The collection’s opening poem “displacement of the mouth” introduces the depersonalization of the spoken word in the context of geopolitical borderlands as the book’s central concern:
around four in the morning
i watch the mouth’s dis
placement
with the last
yawning gust
the house shuts
its lips thin as lids
in contrast the sky cracks
back its jaw : lightblue
close to uvula
over the dark taut
tongue-arch of the forest
from a misted mouth
a rain a long held
breath unravels: as if
speaking through
the sleeper’s lashes
This overture initiates the analogy between embodied language and geography. Words are materialized through breath that becomes a gust of wind against a shuttered house. The firmament, earth and sky, are contained within the mouth; the uvula connects to the “tongue-arch of the forest.” The displacement of language is also a “placement,” signaled graphically by the intra-word enjambment at the end of the first stanza. In the linguistic limit where Wolf’s speech is mouthed, language is drawn from “fairy tales, bureaucratic lingo, socialist songs and newspapers, the language of trains and travel,” as Nissan notes in his translator’s afterword. These words, always situated in the body, even “cough[ing] in the mailbox” as in “post,” are broken down into essential components to be recombined and reconstituted.
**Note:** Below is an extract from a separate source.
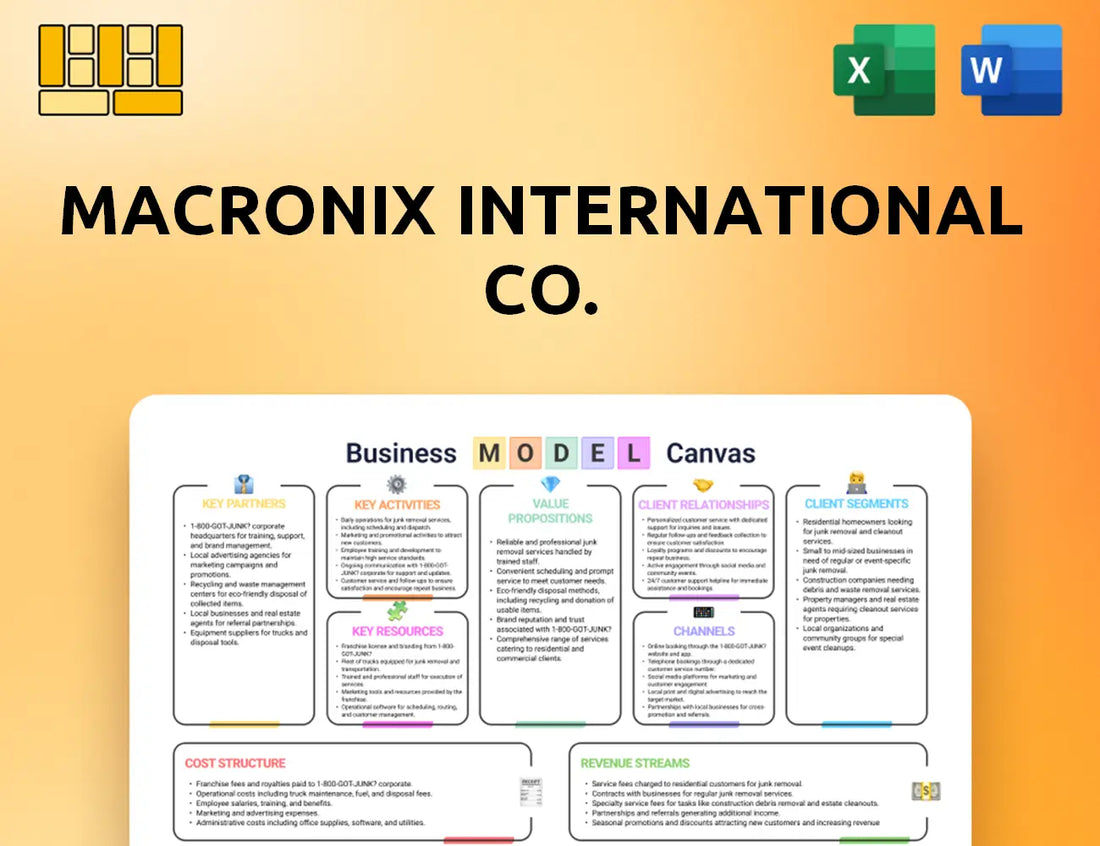 Macronix International Co. Business Model Canvas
Wolf’s poetics often boils language down its essential components—phonemes and morphemes—and rearranges them to produce new combinations. The generative potential of repetition and sameness has been a staple of theoretical thought since the heyday of postmodernism. From Gilles Deleuze’s valorization of repetition in itself to Judith Butler’s use of performativity theory to describe the creation of gender through repeated acts, thinkers and artists have seemingly long moved on from the modernist faith in absolute newness, questioning whether that newness is still possible. Indeed, Jacob Edmund’s Make It the Same (2022), playing off Ezra Pound’s famous injunction, sketches a global trend of self-conscious copying as a device in poetic cultures in the latter half of the twentieth century, surveying texts ranging from the performances of Moscow Conceptualist poet Dmitry Prigov to Christian Bök’s crystalline structures. In kochanie, today i bought bread, Wolf’s poetics of false starts, murmurs, and repetitions participates in this larger international aesthetic while being profoundly situated in the experience of the body and the fraught geography of East Germany. As shown in “displacement of the mouth,” language for Wolf is embodied in its oral form and contains the entire heavens and earth, the world constituted by recombinations of breath and sound.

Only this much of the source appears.